Failed card payments are the topmost factor in subscription churn, and it’s a fixable problem.
This is examined in the study “The State of Subscription Business: Best Practices and Business Performance Drivers, a PYMNTS and FlexPay collaboration based on a survey of 200 executive decision-makers at companies that offer subscription-based services and products in retail, health and fitness, media and publishing, home security and online gaming.
More broadly, the study revealed that subscription merchants and brands are often not tracking metrics that matter most, such as customer lifetime value (LTV), which 91% of subscription firms don’t actively track, despite the importance of LTV to the health of subscription businesses.

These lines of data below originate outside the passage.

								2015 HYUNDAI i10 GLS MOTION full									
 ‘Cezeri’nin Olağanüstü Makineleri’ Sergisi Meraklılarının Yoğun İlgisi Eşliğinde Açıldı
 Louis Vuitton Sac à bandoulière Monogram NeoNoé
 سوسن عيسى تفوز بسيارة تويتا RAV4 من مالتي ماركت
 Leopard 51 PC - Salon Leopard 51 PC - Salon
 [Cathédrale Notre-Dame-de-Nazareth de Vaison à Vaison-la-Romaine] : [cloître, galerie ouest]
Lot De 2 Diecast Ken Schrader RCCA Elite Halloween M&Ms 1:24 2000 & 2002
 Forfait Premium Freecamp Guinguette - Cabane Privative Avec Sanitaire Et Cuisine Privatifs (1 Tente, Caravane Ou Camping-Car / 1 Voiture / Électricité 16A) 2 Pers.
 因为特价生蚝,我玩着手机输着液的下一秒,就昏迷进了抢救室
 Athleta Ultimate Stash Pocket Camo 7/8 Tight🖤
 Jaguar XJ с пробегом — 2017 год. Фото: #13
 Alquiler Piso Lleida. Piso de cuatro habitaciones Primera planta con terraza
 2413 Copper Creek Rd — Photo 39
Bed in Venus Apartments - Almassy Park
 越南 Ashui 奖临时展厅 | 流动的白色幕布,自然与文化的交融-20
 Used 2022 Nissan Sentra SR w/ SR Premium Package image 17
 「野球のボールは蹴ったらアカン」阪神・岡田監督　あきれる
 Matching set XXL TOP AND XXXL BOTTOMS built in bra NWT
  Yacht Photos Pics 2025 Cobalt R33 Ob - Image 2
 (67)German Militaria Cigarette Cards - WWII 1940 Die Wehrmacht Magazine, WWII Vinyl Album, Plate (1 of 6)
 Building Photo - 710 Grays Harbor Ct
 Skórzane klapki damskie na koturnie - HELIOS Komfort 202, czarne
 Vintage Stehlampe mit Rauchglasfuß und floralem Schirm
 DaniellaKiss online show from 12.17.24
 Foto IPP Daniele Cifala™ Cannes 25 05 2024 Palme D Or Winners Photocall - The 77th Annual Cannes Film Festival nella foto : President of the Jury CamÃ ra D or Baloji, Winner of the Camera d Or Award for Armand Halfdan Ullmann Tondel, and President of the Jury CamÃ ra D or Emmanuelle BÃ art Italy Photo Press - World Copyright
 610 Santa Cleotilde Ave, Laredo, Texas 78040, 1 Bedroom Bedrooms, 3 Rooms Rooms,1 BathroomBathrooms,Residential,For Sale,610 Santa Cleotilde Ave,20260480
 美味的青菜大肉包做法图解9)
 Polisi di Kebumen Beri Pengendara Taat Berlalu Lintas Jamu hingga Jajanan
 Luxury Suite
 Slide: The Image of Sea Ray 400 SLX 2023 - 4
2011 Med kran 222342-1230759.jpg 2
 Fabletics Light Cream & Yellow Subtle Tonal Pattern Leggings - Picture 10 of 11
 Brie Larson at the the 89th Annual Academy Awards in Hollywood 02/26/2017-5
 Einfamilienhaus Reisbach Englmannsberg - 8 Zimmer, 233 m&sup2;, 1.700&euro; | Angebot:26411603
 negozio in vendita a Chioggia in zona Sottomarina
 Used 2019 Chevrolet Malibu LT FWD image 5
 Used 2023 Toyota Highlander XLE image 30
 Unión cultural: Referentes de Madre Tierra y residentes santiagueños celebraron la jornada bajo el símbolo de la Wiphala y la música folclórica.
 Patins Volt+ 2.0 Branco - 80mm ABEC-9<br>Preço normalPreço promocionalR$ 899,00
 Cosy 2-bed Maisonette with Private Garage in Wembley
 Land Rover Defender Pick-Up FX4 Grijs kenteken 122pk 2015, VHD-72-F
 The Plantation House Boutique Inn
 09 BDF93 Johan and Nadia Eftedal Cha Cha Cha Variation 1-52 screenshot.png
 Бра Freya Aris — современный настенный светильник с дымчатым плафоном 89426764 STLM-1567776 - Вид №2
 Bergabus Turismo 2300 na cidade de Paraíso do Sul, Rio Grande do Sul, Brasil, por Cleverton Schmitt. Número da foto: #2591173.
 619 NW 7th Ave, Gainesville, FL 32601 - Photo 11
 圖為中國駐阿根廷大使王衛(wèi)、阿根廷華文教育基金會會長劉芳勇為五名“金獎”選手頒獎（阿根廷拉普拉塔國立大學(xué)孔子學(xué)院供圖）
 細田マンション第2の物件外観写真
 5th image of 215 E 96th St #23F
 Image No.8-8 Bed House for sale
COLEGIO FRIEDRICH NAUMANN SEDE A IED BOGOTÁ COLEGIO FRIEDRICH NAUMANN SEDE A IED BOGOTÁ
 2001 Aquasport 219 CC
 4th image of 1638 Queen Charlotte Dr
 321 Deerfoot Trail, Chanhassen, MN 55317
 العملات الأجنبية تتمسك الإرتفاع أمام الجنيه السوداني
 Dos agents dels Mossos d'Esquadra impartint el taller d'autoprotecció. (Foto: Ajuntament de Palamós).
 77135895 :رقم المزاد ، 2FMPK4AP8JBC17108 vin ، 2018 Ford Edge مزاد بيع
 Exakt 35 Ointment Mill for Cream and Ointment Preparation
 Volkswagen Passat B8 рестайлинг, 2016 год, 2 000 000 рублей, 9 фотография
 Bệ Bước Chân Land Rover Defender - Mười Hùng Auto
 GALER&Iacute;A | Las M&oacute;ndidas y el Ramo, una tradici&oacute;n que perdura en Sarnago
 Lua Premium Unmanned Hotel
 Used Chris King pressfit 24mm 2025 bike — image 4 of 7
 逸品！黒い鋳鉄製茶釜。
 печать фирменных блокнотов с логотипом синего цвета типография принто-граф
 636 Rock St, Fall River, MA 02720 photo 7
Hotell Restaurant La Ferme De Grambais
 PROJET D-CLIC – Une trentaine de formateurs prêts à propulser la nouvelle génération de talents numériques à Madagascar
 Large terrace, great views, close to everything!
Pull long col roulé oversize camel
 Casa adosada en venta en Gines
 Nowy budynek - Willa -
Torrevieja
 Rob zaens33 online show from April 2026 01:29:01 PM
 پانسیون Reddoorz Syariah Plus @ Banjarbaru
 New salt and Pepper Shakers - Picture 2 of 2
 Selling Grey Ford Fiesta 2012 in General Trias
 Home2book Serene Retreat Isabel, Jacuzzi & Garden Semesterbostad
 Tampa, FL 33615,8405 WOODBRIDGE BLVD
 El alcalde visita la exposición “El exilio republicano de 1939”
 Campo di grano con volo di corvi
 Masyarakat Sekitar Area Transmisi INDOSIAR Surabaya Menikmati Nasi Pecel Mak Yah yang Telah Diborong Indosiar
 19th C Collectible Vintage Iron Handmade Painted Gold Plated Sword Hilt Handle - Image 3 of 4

“Subscription businesses do not fully grasp the extent to which failed payments contribute to customer churn and the resulting impact on business performance,” the study found. “Our data shows that over two-thirds of subscription-focused firms recognize the negative impact of failed payments on customer retention, yet only 27% consider it the most significant contributor to churn.”
Considering that involuntary churn caused by failed payments is the cause of half (50%) of all customer churn, the fact that only slightly more than half of subscription firms (53%) track involuntary churn helps define top performers from the rest of the pack.
Additionally, only 20% of the firms that track failed payments believe it’s the most critical metric for sustaining the business. As the study noted, “most firms are either underestimating the severe impact of failed payments on customer LTV or overlooking this dynamic completely.”
Given that close to one-third (27%) of subscribers are likely to cancel a subscription due to an avoidable failed payment like those that occur from expired cards and changes of address — issues that are easily handled by subscription management platforms — “only 15% of the subscription providers we surveyed say they track failed payments primarily to improve customer LTV — meaning that 85% view failed payments as ‘the cost of doing business’ and out of their ability to control or improve,” according to the study.